L’EBC insiste sur le fait « qu’il n’y a pas de censure quelque soit le thème abordé et réaffirme son engagement de pratiquer un journalisme sérieux et impartial, que les directrices transmises à ses journalistes respectent les points de vue contradictoires et préconisent la recherche de vérité dans la plus grande clarté ».
La liberté d’expression en danger
Des manifestations au Congrès dénoncent la censure des contenus des télévisions publiques. (Intervozes)
A la fin de l’année, en novembre dernier, l’EBC a été incorporée au Programa de parcerias de investimentos, le programme de privatisation du gouvernement fédéral. Une analyse de vente partielle ou totale vient de commencer. Les autorités ont justifié cette initiative mentionnant des problèmes financiers, une faible audience et accusant l’entreprise d’être liée aux gouvernements du PT.
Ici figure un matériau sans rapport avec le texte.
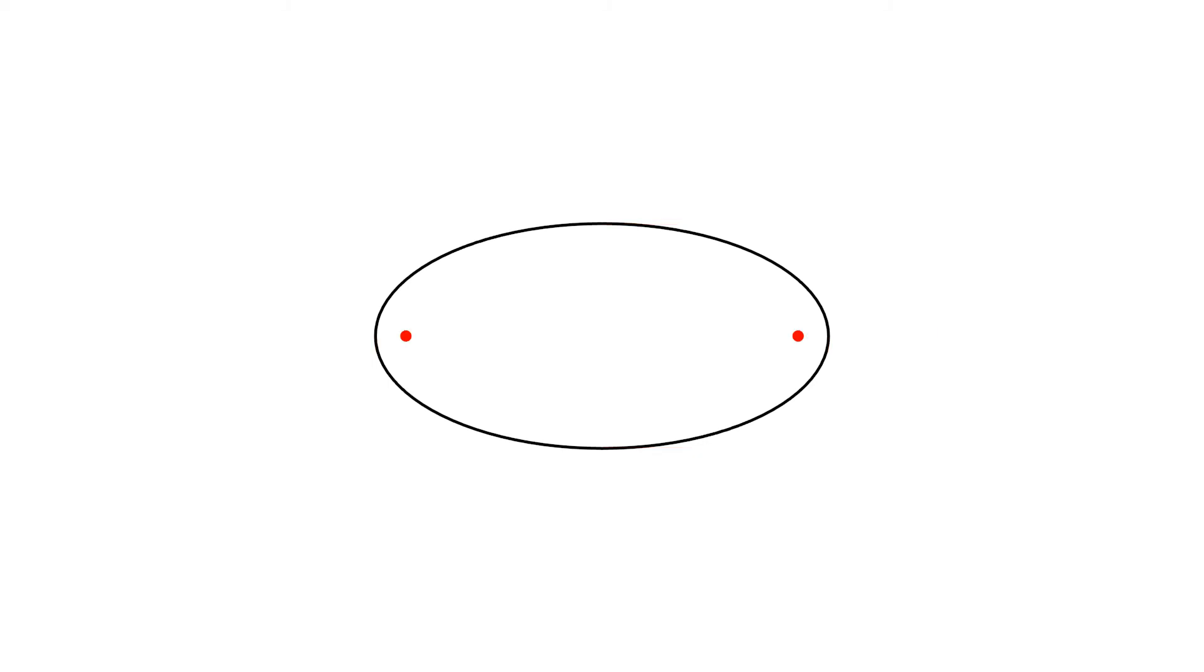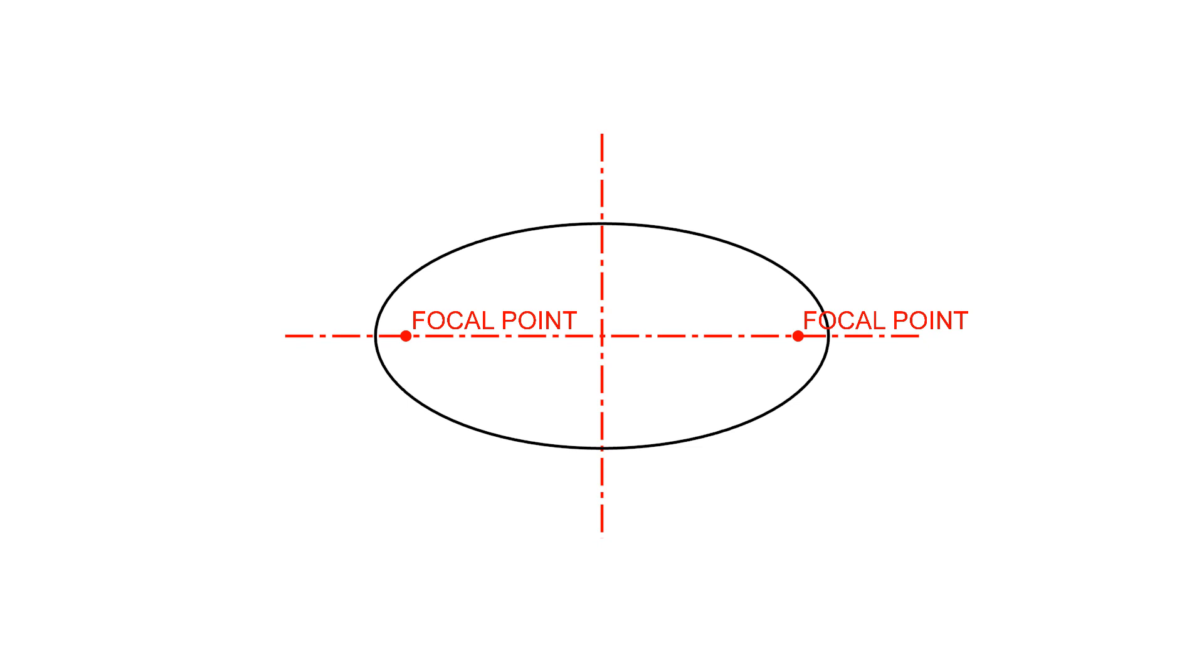Another important feature of an ellipse is that it has two focal points. They are located on the major axis.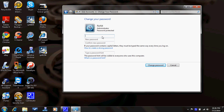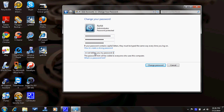So I'm entering my current password — not showing that — and then the new password, and here's a hint. Okay.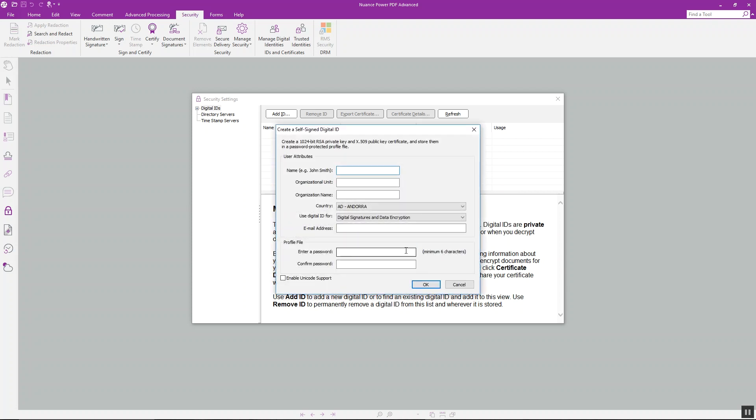Now we just need to type in the information for identity name and email address, then we'll enter the password for this and confirm it, and then we'll click OK.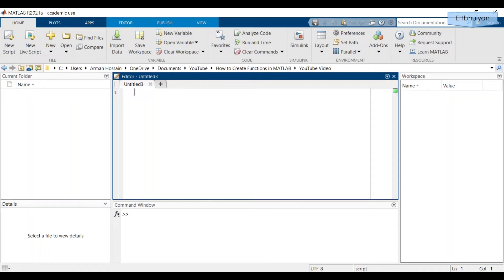Hey guys, this is a video in my MATLAB tutorial series. In this video we will look at how to create functions in MATLAB. Functions can be very versatile and useful in the sense that they can take one or more inputs and return one or more outputs, depending on what you set up your function to do.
Mais ni l’EBC ni aucune société de médias publics n’ont jamais eu pour vocation d’être autonomes et parler de « déficit » ,comme le fait le gouvernement, n’a donc aucun sens. Si la Contribution pour le développement de la radiodiffusion publique, ayant fait l’objet d’une loi, était utilisée pour permettre au pays de financer l’EBC, il n’y aurait pas de problèmes de budget. La portée des signaux des chaînes gérées par l’EBC serait également plus étendue si des investissements dans son infrastructure de diffusion avaient été réalisés.
Lors d’une visite au Brésil en septembre 2019, le rapporteur spécial pour la liberté d’expression de la Commission inter-américaine des droits humains, Edison Lanza, a défendu la nécessité de la part des gouvernements de maintenir un système pluriel de communication et un financement adéquat du système public de diffusion. Il a rappelé que la diffusion publique d’informations ne doit pas revêtir un caractère gouvernemental mais être « avant tout liée aux intérêts de la population et offrir des garanties et des moyens de contrôles pour qu’elle ne soit pas utilisée par les gouvernements, quelque soit leur tendance, à des fins politiques ou partisanes. Elle doit proposer une programmation indépendante qui lui permette même de questionner les initiatives du gouvernement ».
Selon Lanza, la liberté d’expression est menacée au Brésil et le Président essaie d’imposer « un récit unique » et « sa vision des valeurs ».